(Input data):
━━━━━━━━━━

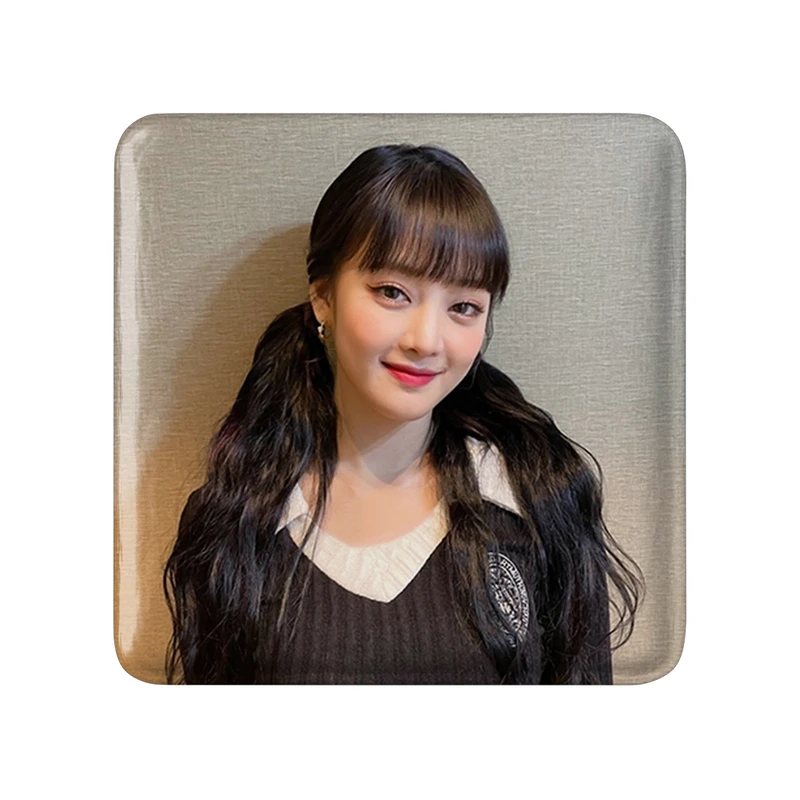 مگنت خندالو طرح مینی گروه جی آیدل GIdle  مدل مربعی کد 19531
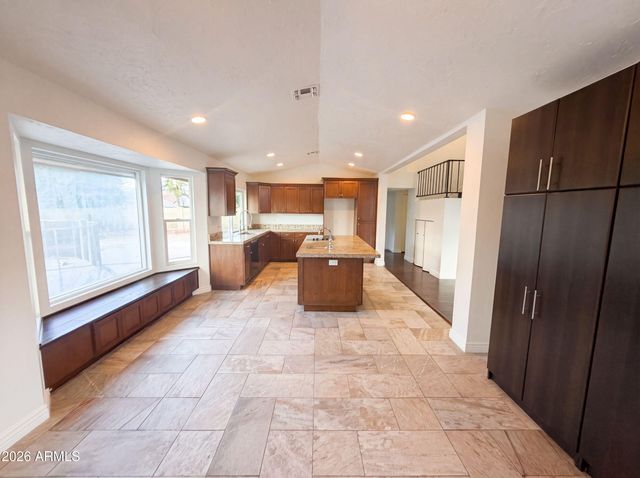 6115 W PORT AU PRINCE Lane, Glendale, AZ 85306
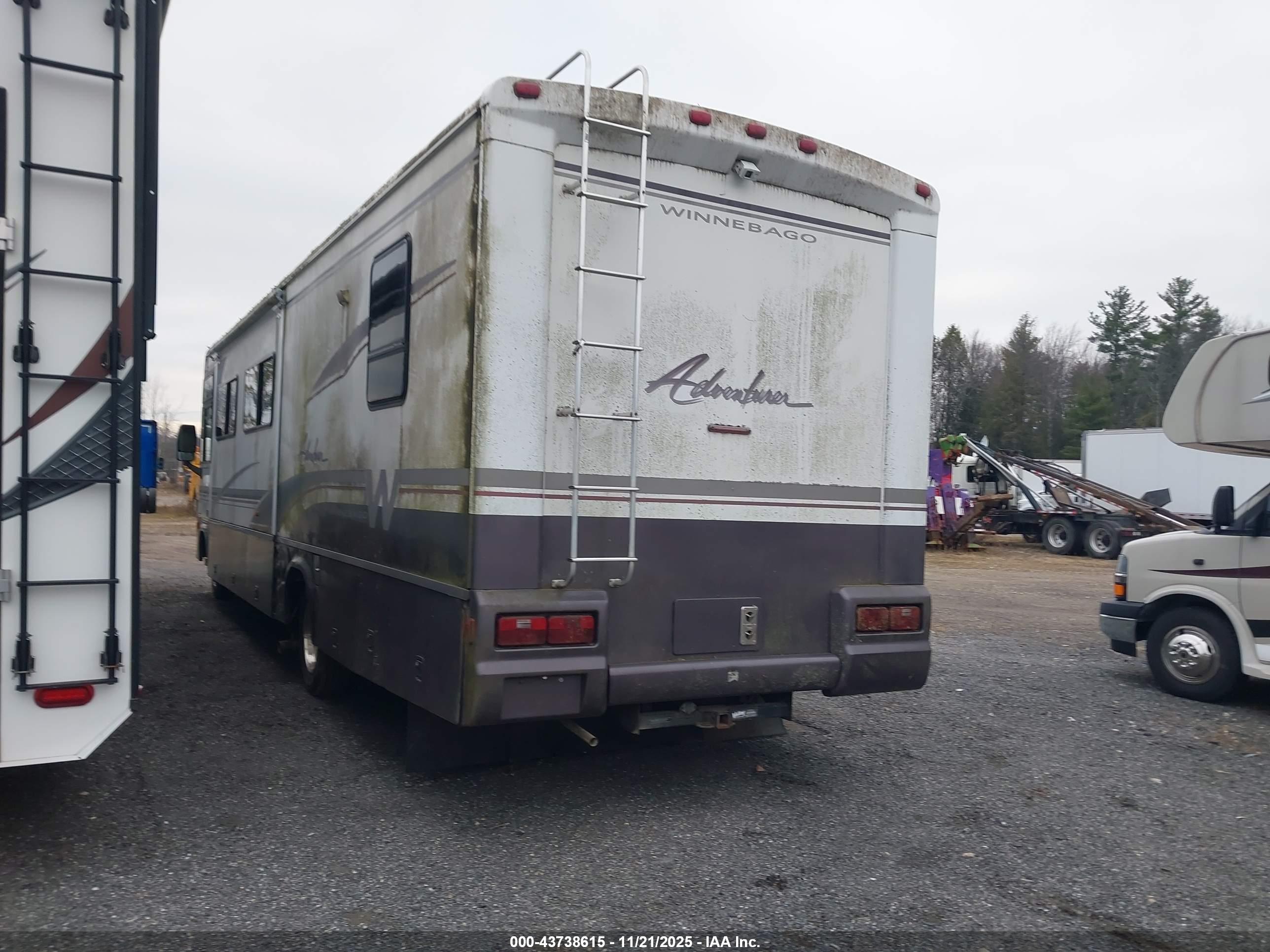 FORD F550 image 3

━━━━━━━━━━

(Directions): Set the material above down again word for word. Include none of its pictures.

(Solution for this exercise):
 مگنت خندالو طرح مینی گروه جی آیدل GIdle  مدل مربعی کد 19531
 6115 W PORT AU PRINCE Lane, Glendale, AZ 85306
 FORD F550 image 3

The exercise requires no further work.